*** SOURCE MATERIAL ***
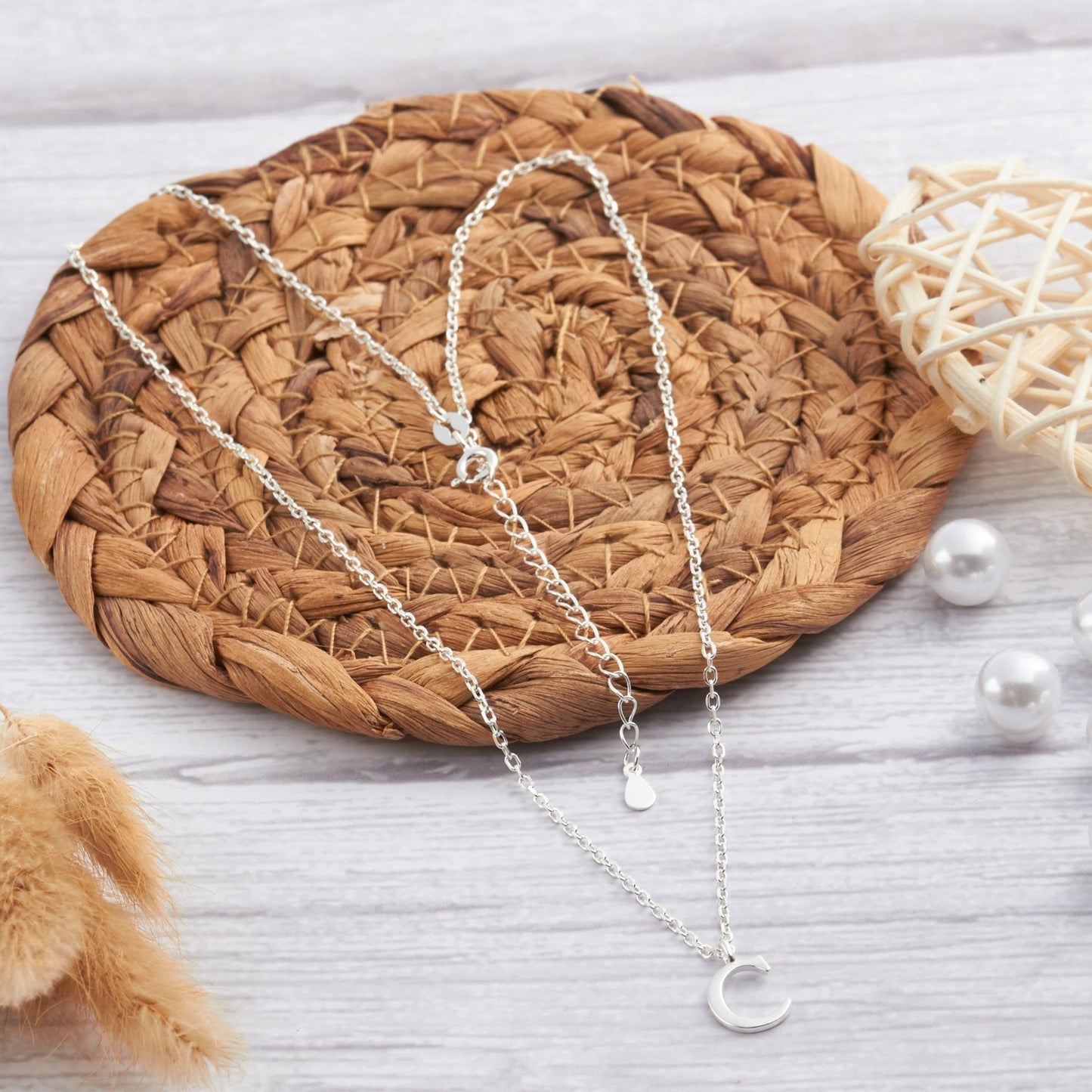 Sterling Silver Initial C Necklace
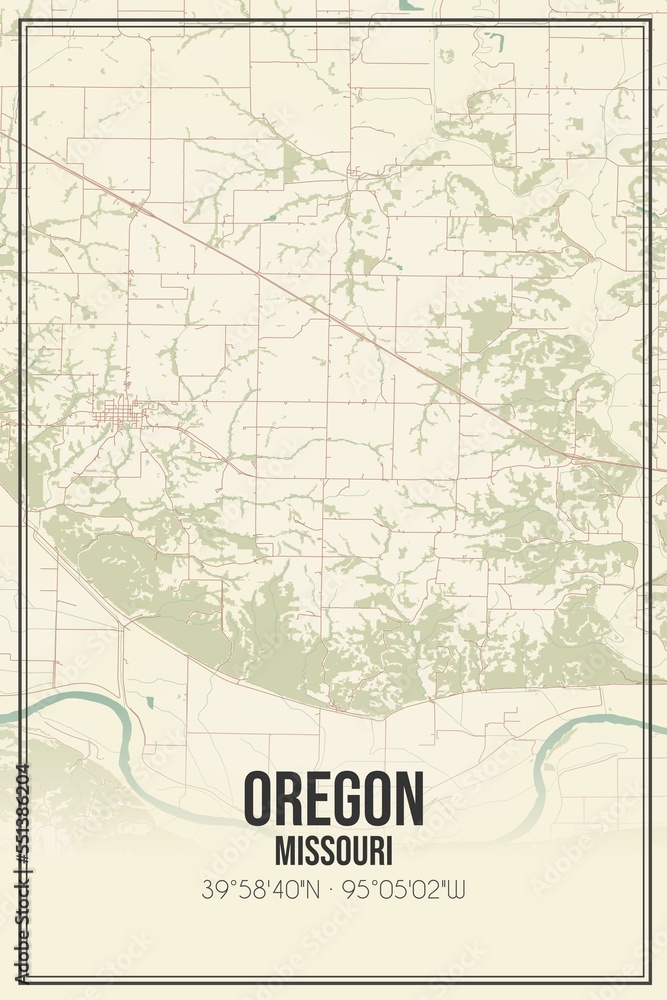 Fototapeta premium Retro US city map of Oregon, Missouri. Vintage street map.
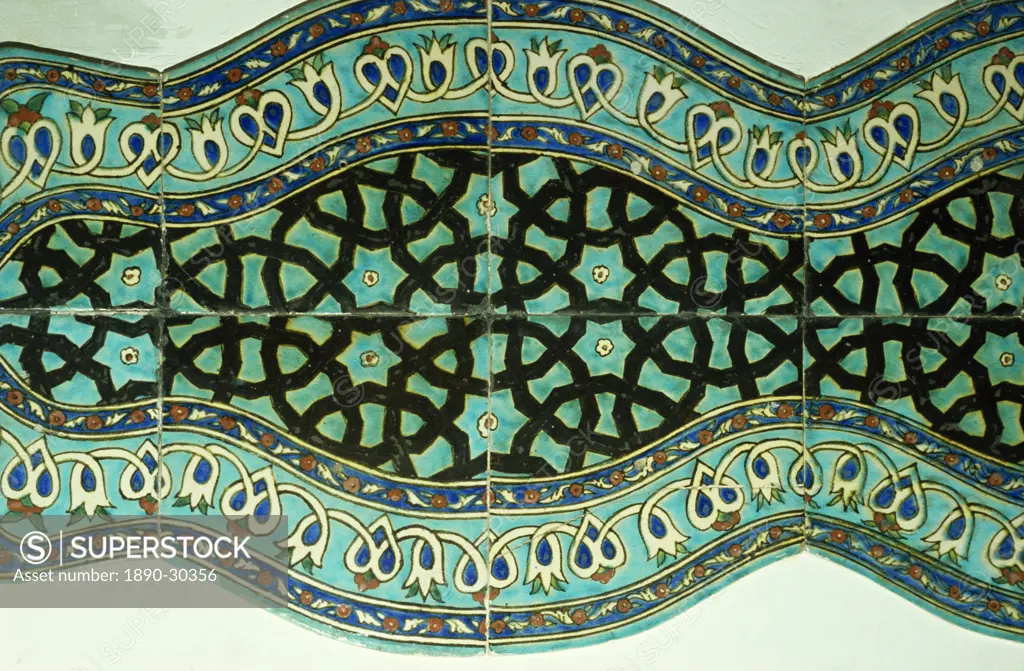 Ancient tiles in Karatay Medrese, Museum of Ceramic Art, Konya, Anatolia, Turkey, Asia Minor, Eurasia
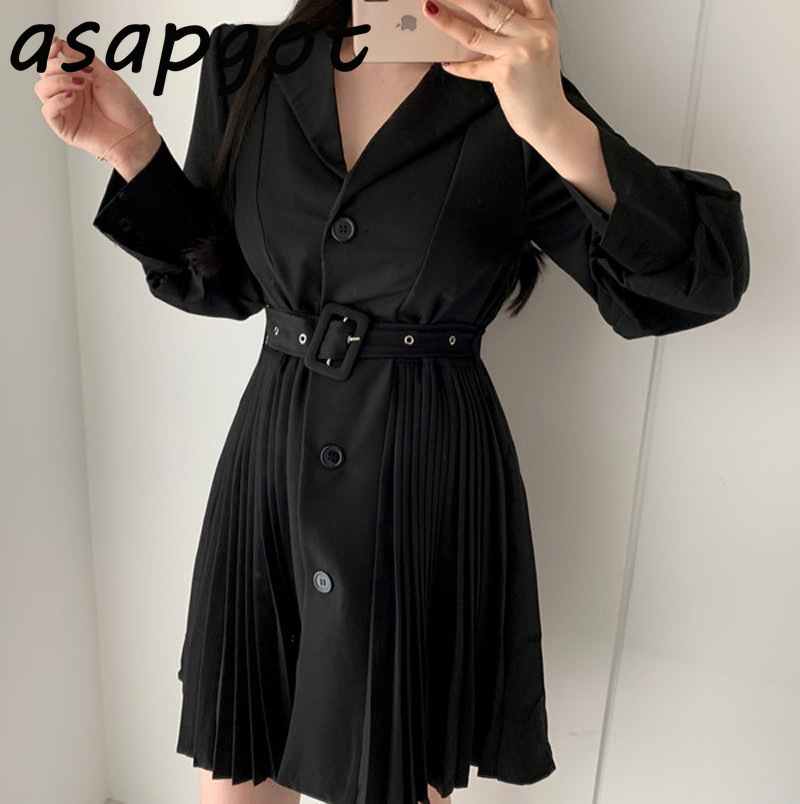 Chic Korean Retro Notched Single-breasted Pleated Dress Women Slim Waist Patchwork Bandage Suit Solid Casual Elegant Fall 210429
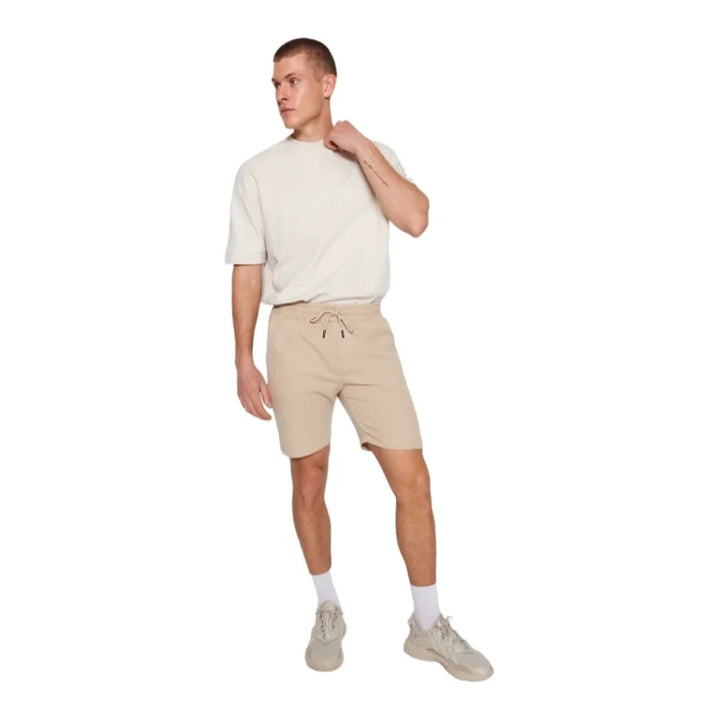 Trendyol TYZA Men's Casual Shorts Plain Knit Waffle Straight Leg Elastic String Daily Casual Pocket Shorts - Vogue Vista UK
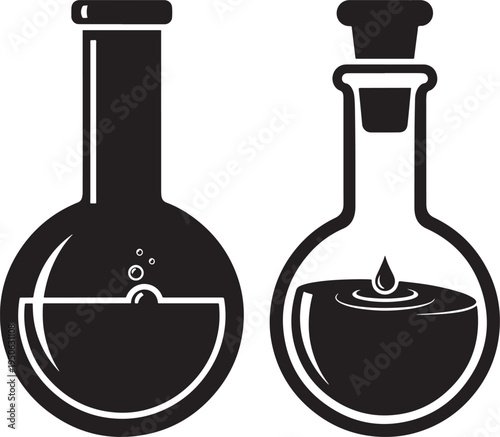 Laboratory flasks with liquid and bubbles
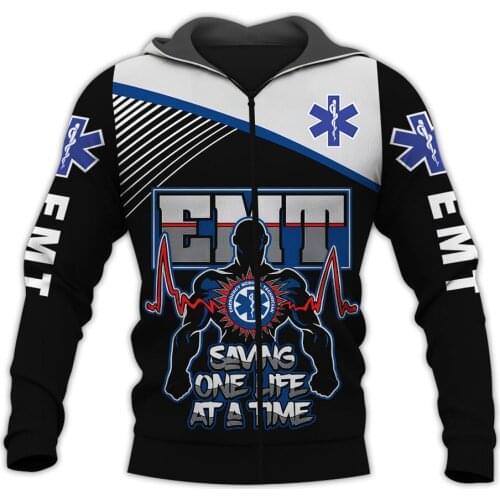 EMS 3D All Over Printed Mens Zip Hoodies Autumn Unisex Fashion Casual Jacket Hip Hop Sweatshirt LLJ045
*** End of SOURCE MATERIAL ***
*** SOURCE MATERIAL ***
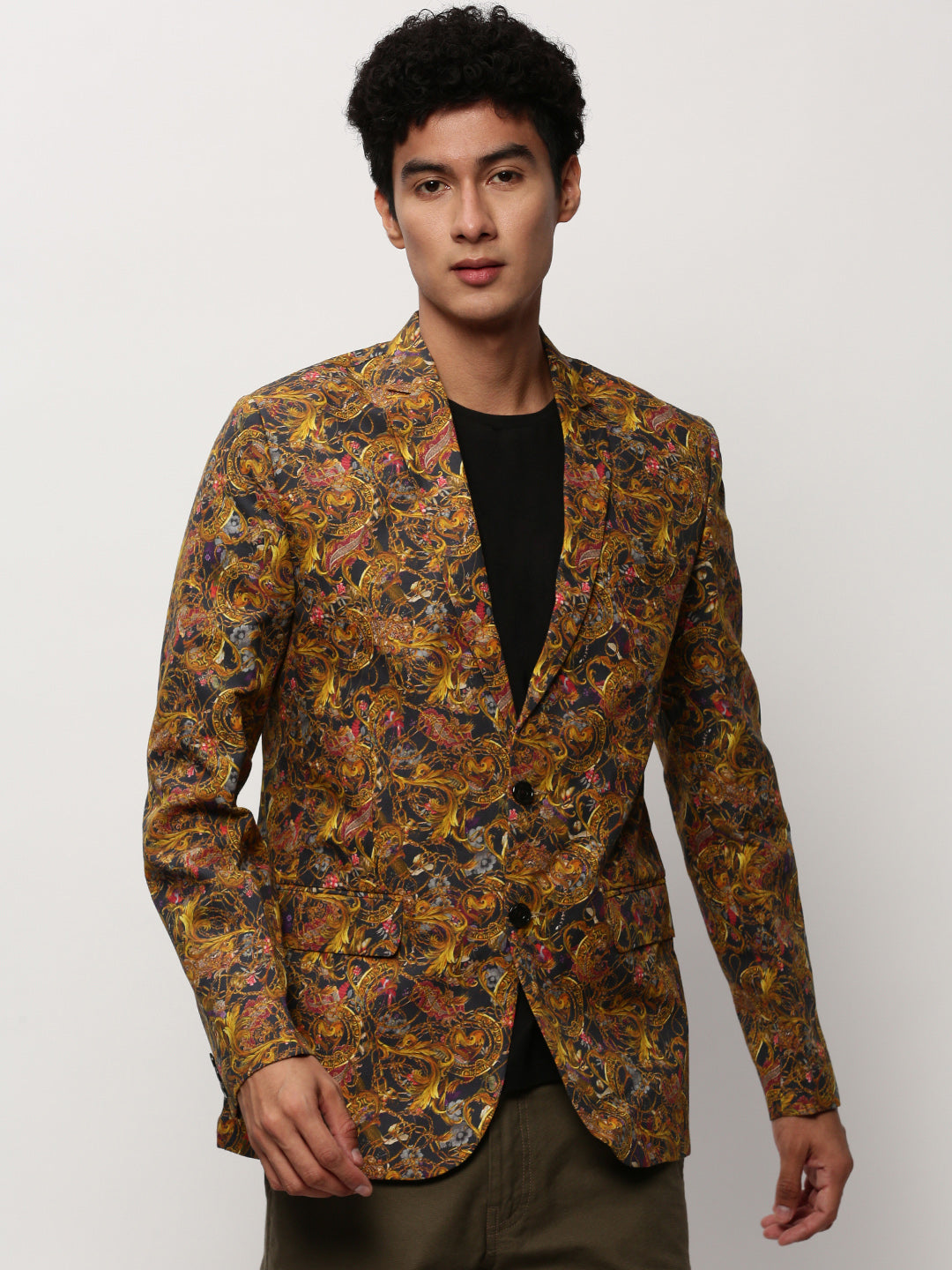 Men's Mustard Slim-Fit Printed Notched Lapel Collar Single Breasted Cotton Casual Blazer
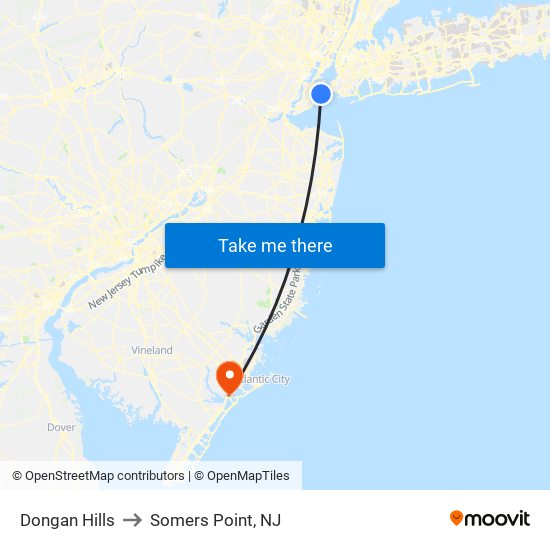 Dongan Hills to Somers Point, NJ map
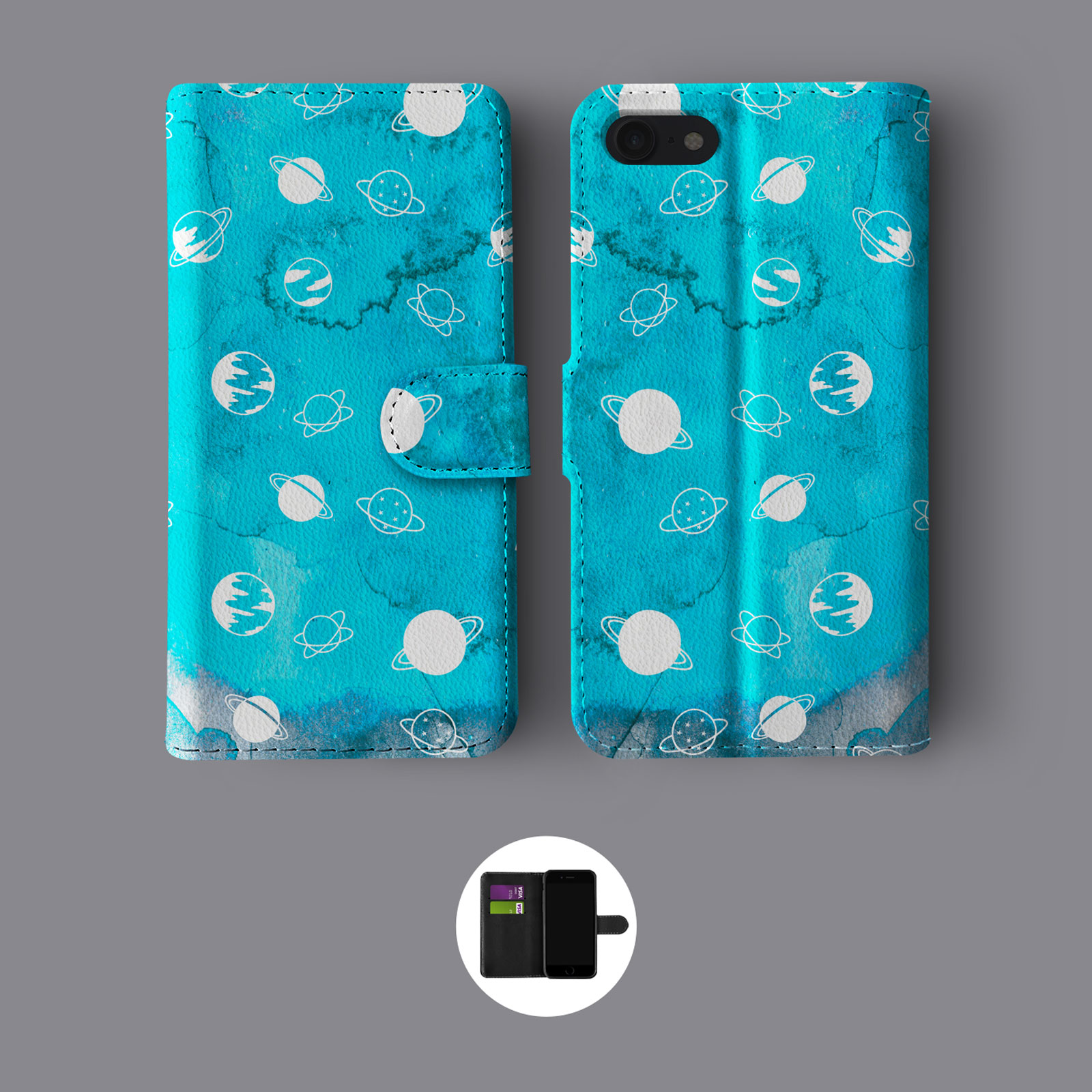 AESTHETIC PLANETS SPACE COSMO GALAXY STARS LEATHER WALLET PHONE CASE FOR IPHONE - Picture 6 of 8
*** End of SOURCE MATERIAL ***
*** SOURCE MATERIAL ***
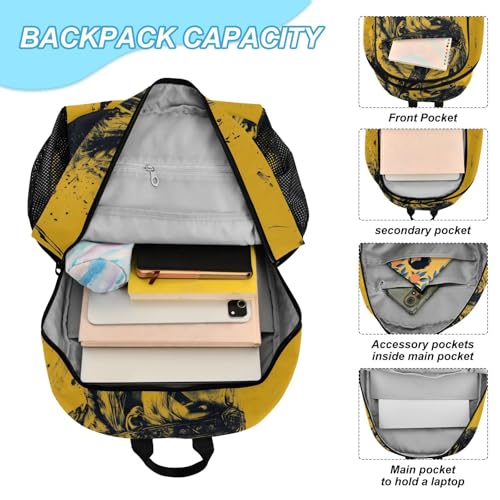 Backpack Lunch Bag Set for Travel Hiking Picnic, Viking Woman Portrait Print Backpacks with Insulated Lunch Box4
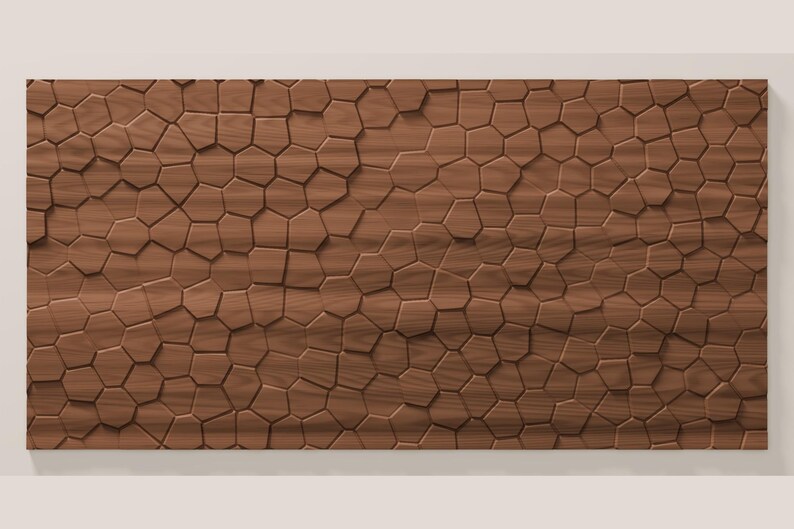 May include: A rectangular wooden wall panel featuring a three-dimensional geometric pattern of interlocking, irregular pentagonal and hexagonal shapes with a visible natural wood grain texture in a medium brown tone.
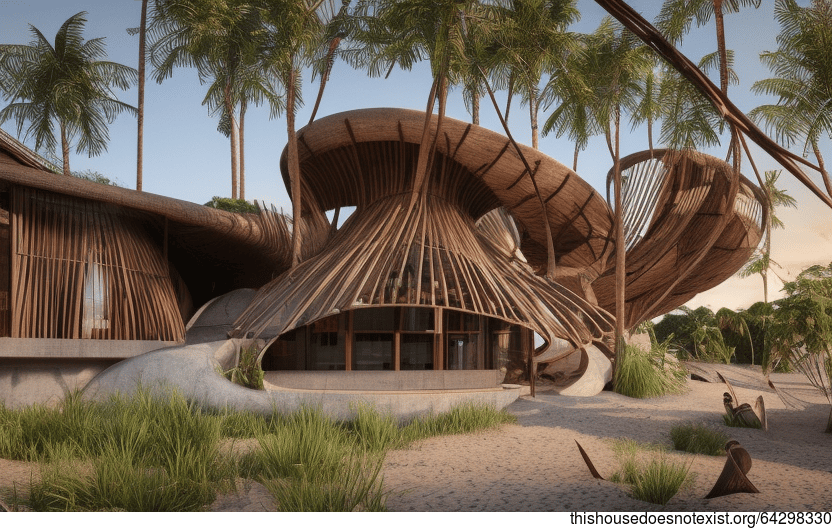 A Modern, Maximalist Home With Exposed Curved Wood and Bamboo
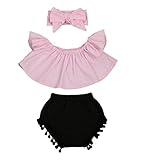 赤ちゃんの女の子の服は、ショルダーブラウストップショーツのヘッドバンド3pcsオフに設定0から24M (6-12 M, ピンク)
*** End of SOURCE MATERIAL ***
WHAT TO PRODUCE:
The lines above from the line with "Chic Korean Retro" through the line with "EMS 3D All Over" are to be given again word for word, with no pictures among them.

RESULT OF THE TASK:
 Chic Korean Retro Notched Single-breasted Pleated Dress Women Slim Waist Patchwork Bandage Suit Solid Casual Elegant Fall 210429
 Trendyol TYZA Men's Casual Shorts Plain Knit Waffle Straight Leg Elastic String Daily Casual Pocket Shorts - Vogue Vista UK
 Laboratory flasks with liquid and bubbles
 EMS 3D All Over Printed Mens Zip Hoodies Autumn Unisex Fashion Casual Jacket Hip Hop Sweatshirt LLJ045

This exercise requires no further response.